Meta publicó una patente para incorporar un interruptor físico en sus gafas inteligentes, con el objetivo de desactivar cámaras, micrófonos y otros sensores directamente a nivel de hardware. La propuesta busca que estos componentes no puedan volver a activarse mediante aplicaciones, actualizaciones o posibles vulnerabilidades de software, y apunta a reforzar la privacidad de los usuarios.

Actualmente, quienes utilizan las gafas Ray-Ban Meta pueden decidir cuándo grabar audio o video, tomar fotografías o activar las cámaras para que el dispositivo analice el entorno mediante inteligencia artificial. Estas funciones se controlan a través del software, que habilita o deshabilita cada sensor según el uso previsto en cada momento.

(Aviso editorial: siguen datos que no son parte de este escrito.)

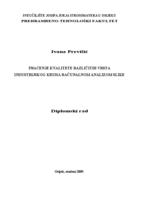 Praćenje kvalitete različitih vrsta industrijskog kruha računalnom analizom slike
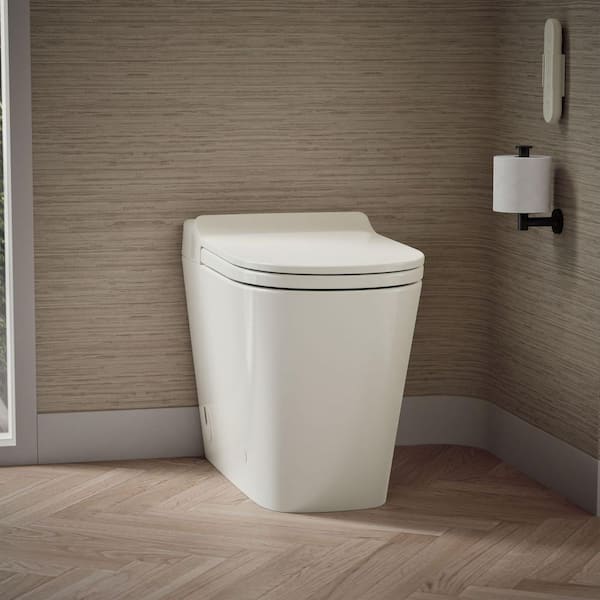 KOHLER Leap 12 in. 1-Piece 1.0/1.28 GPF Dual Flush Elongated Smart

Según la patente, esa dependencia del software puede generar riesgos de seguridad y privacidad. Entre ellos, se contempla la posibilidad de que una modificación o actualización permita operar los sensores sin el consentimiento o el conocimiento de los usuarios. Para reducir ese riesgo, Meta plantea sumar un interruptor físico conectado a un chip mediante un circuito de “silenciamiento”.

Al activarlo, el sistema bloquearía el funcionamiento de las cámaras, los micrófonos y los sensores a nivel de hardware. De esta manera, ninguna aplicación ni actualización podría reactivarlos mientras el interruptor permaneciera habilitado. La patente fue publicada la semana pasada y detalla el mecanismo previsto por la compañía para integrar este bloqueo físico en sus gafas inteligentes.